[Crawled caption data]
= = = = =

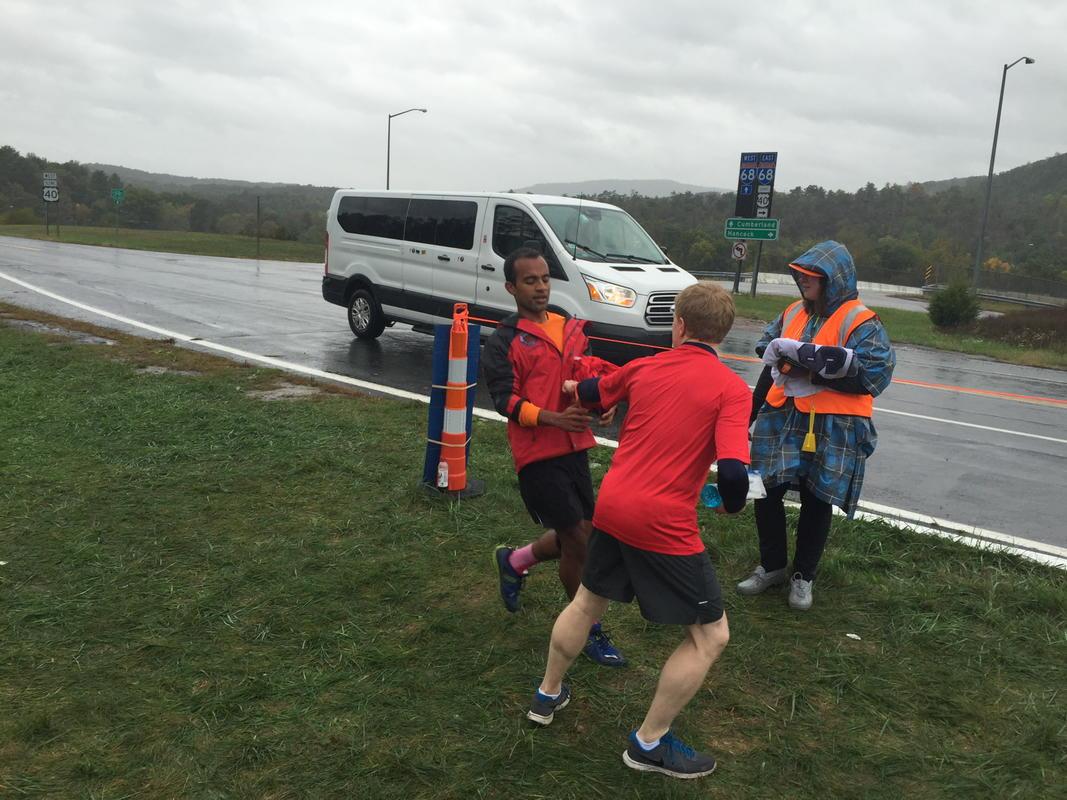 WorstPace's tweet photo. Legs 7 to 8 transition. Go Evan!! http://t.co/r52OWJwHJa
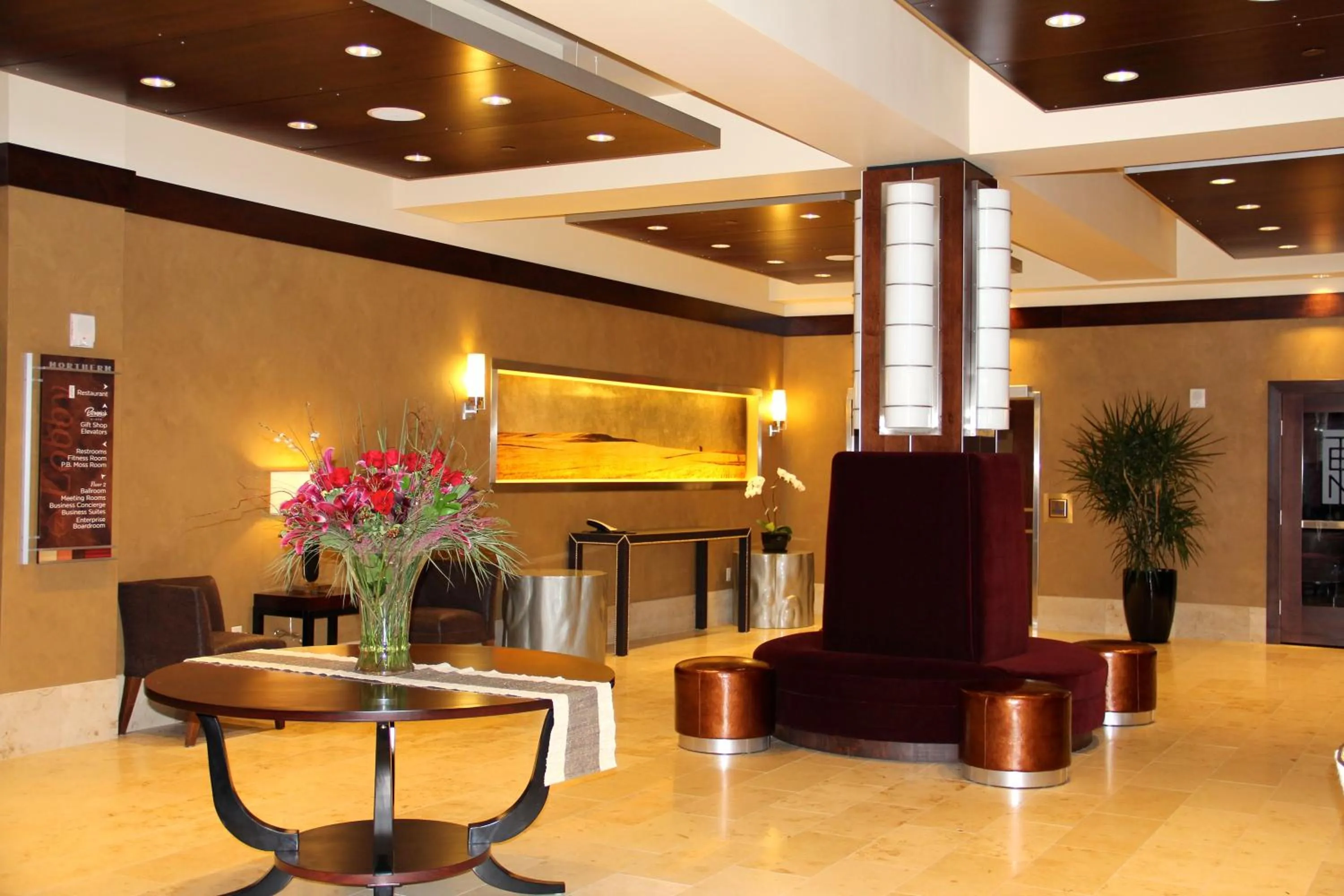 Lobby or reception in Northern Hotel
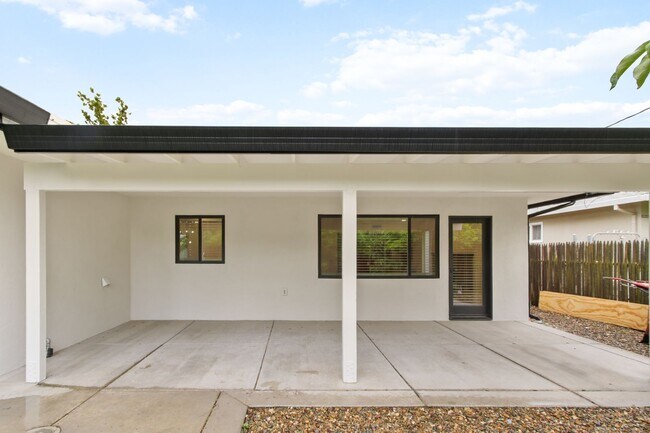 Building Photo - Central Davis 3/2 Mid Modern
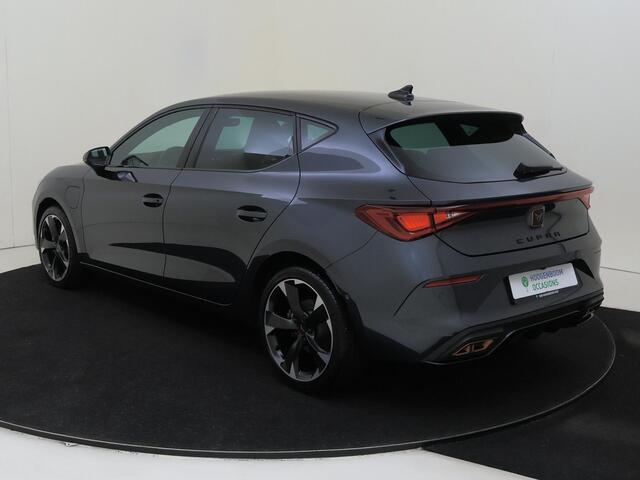 Cupra Leon 1.4 e-Hybrid Business | Adaptieve demping | Keyless | Stoel- en stuurwielverwarming | Achteruitrijcamera | Dodehoek detectie | Adaptieve cruise control | Sfeerverlichting |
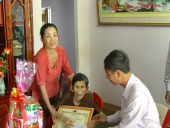 Đồng Phú thăm, tặng quà nhân ngày quốc tế Người cao tuổi.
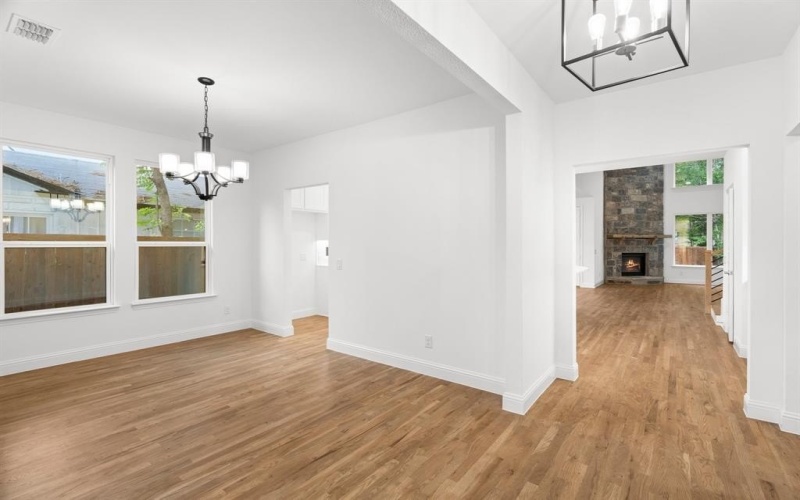 848 Northwood Road, Fort Worth, TX 76107, 4 Bedrooms Bedrooms, ,3 BathroomsBathrooms,Residential,For Sale,848 Northwood Road,20887867
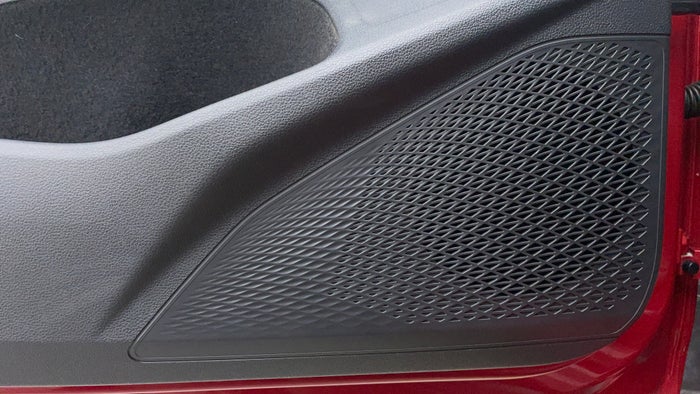 VOLKSWAGEN GOLF-Speakers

= = = = =

* _Task to carry out_: Transcribe exactly each line of the records from the start up to and including the one with "Đồng Phú thăm, tặng", and leave out every picture.

* _Exercise result_:
 WorstPace's tweet photo. Legs 7 to 8 transition. Go Evan!! http://t.co/r52OWJwHJa
 Lobby or reception in Northern Hotel
 Building Photo - Central Davis 3/2 Mid Modern
 Cupra Leon 1.4 e-Hybrid Business | Adaptieve demping | Keyless | Stoel- en stuurwielverwarming | Achteruitrijcamera | Dodehoek detectie | Adaptieve cruise control | Sfeerverlichting |
 Đồng Phú thăm, tặng quà nhân ngày quốc tế Người cao tuổi.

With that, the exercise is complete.